Artenschützer kritisieren, dass die Politik zu wenig für die Knorpelfische tut. In der Europäischen Union (EU) ist zwar das Finning seit sieben Jahren verboten, das heißt, es dürfen nicht mehr Haiflossen als dazugehörige Tiere auf Fischereibooten der Mitgliedstaaten zu finden sein. Aber die Kontrolle an Bord sei zu grobmaschig, bemängelt Lutter.

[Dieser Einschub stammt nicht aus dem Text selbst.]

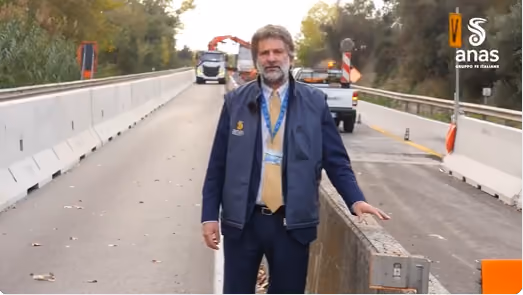 Uomo con badge davanti a un tratto stradale con barriere in calcestruzzo e un cartello ANAS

Auch die Fangmengen der einzelnen Arten werden jährlich von den EU-Fischereiministern festgesetzt; für den Dorn- und den Heringshai sollen sie im kommenden Jahr auf null gesetzt werden.

Zusätzlich soll ein im Februar verabschiedeter EU-Hai-Aktionsplan langfristig die Überfischung einschränken und Schutzgebiete für Haie sichern. "Es tut sich etwas, aber zu wenig. Haie sind noch immer akut bedroht", sagt Lutter.

Weltweit gestaltet sich der Schutz ähnlich schwierig. Beim Washingtoner Artenschutzabkommen (Cites), dem sich mittlerweile 175 Staaten angeschlossen haben, sind seltene Pflanzen- und Tierarten geschützt, indem der grenzüberschreitende Handel mit ihnen oder ihren Produkten verboten oder eingeschränkt wird. Nur drei Haiarten sind bisher dort vertreten.

Stephanie von Meibom von Traffic Europe, dem gemeinsamen Artenschutzprogramm des WWF und IUCN, fordert, dass zumindest auch Dornhaie bei Cites gelistet werden: "Der Konsum von Schillerlocken ist in Deutschland und Europa sehr hoch. Was in Europa gefangen wird, wird auch hier verkauft. Zusätzlich wird noch Ware importiert. Viele Konsumenten wissen nicht, dass Schillerlocken aus Haien gewonnen werden. Daher ist die Aufklärung wichtig."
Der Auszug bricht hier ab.